E anche se alcuni elementi narrativi ritornano ciclicamente, Memento mori non ha una vera e propria trama, ma un grande tema guida, già indicato nel titolo: è la riflessione sulla morte, attorno a cui Blanco costruisce la «conferenza», come già aveva fatto con Las Flores del Mal, o la celebración de la violencia (2017). Brani letti, morti note di noti autori, fino ai lutti vissuti in prima persona dello stesso regista: con questi fatti prende forma la narrazione autofinzionale, che lega insieme storia personale e storia collettiva per creare un racconto in cui non si distingue più reale e fiction. «Parlo della mia lacrima per raccontare il diluvio», afferma l’autore in scena. Accanto agli aneddoti, Blanco si serve dell’arte come strumento primario di indagine: sono tante, infatti, le citazioni e i richiami letterari che utilizza come altrettanti argomenti del discorso, mettendoli sullo stesso piano di verità delle sue esperienze personali.

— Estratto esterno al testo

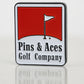 The Pins and Aces Pins Reds Ball Marker is a rectangular enamel badge featuring a red and white design with a golf flag on green, plus "Pins & Aces Golf Company" text below the image.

Sorprendente è l’abilità del drammaturgo nel creare un’atmosfera serena, anche se il tema è potenzialmente opprimente. I trenta episodi sono narrati infatti con un tocco leggero: in alcuni momenti il pubblico sorride o ride. Sembra essere proprio questo il perno di Memento mori: puntando a una sorta di seduzione del pubblico, Blanco rivendica l’esistenza di un’«erotica della morte», vuole mostrare cioè le «possibilità di bellezza» che essa presenta, contro la comune percezione negativa. Si pone così un drammatico interrogativo implicito: che visione abbiamo oggi della morte? Ne siamo solo inorriditi? Le rispettose risate del pubblico rispondono con una prima, essenziale prova a favore della pretesa «bellezza» dell’oscura signora.
È poi molto intelligente l’uso delle musiche: quella di Puccini, espediente a sostegno della narrazione che commuove il pubblico, sottolinea e rende ancor più drammatico il racconto della morte di un amico; Take Me to Church, hit del 2014 del cantautore Hozier, non accompagna tanto il discorso ma lo produce, viene usata con intento drammaturgico, dà una prospettiva ulteriore sul nesso amore-morte nelle parole finali di Blanco. L’accostamento è ben riuscito: nonostante la nota ironica e pop suggerita dalla canzone, non si percepisce il contrasto con la serietà e la profondità della riflessione. Il discorso del drammaturgo sembra dunque aver raggiunto il suo intento: avvicinare morte e bellezza in un unico discorso. Il pubblico se ne accorge e lo premia scogliendosi in un immediato applauso.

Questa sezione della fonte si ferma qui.